MAPKAP-1 Il plasmide di attivazione CRISPR (h) fornisce un approccio mirato e non distruttivo per sovraregolare l'espressione endogena di MAPKAP1 senza alterare la sequenza di DNA sottostante.
MAPKAP-1 Il plasmide di attivazione CRISPR (h) è un sistema SAM (mediatore di attivazione sinergico) a tre plasmidi progettato per la sovraregolazione trascrizionale altamente efficiente e sito-specifica del locus MAPKAP1 nelle linee cellulari umane. Il sistema è costruito attorno a una Cas9 cataliticamente inattiva (dCas9) che porta due mutazioni inattivanti (D10A e N863A) che eliminano l'attività nucleasica preservando al contempo il legame con il DNA. Questa dCas9 è fusa con VP64, un potente attivatore trascrizionale, ed è coespressa con un gene di resistenza alla blasticidina per la selezione. Il secondo plasmide codifica la proteina di fusione MS2-p65-HSF1, un complesso attivatore secondario che agisce in sinergia con dCas9-VP64, insieme a un gene di resistenza all'igromicina. Il terzo plasmide codifica un sgRNA specifico per il bersaglio di 20 nt fuso a due aptameri di RNA MS2 che reclutano il complesso MS2-p65-HSF1 nel sito di attivazione, accompagnato da un gene di resistenza alla puromicina. I tre plasmidi vengono somministrati in un rapporto di massa 1:1:1 per un'espressione bilanciata di tutti i componenti del sistema.

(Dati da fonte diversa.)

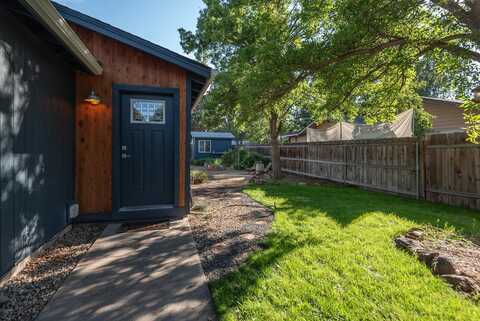 2526 SW Salmon Avenue, Redmond, OR 97756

Una volta assemblato nel locus bersaglio, il complesso SAM si lega a circa 200 bp a monte del sito di inizio della trascrizione MAPKAP1, dove VP64, p65 e HSF1 agiscono in modo concertato per reclutare il machinery trascrizionale e guidare la sovraregolazione dell'espressione endogena di MAPKAP-1. A differenza della Cas9 con attività nucleasica, dCas9 non introduce rotture a doppio filamento né modifica la sequenza genomica, preservando il locus MAPKAP1 nativo e consentendo lo studio delle risposte trascrizionali dipendenti da MAPKAP-1 nel locus endogeno, rendendolo uno strumento prezioso per studi funzionali, l'identificazione di geni bersaglio e la modellizzazione del ripristino della via MAPKAP-1 nelle cellule tumorali con espressione di MAPKAP1 silenziata o ridotta.
Solo per uso di ricerca. Non destinato a uso diagnostico o terapeutico.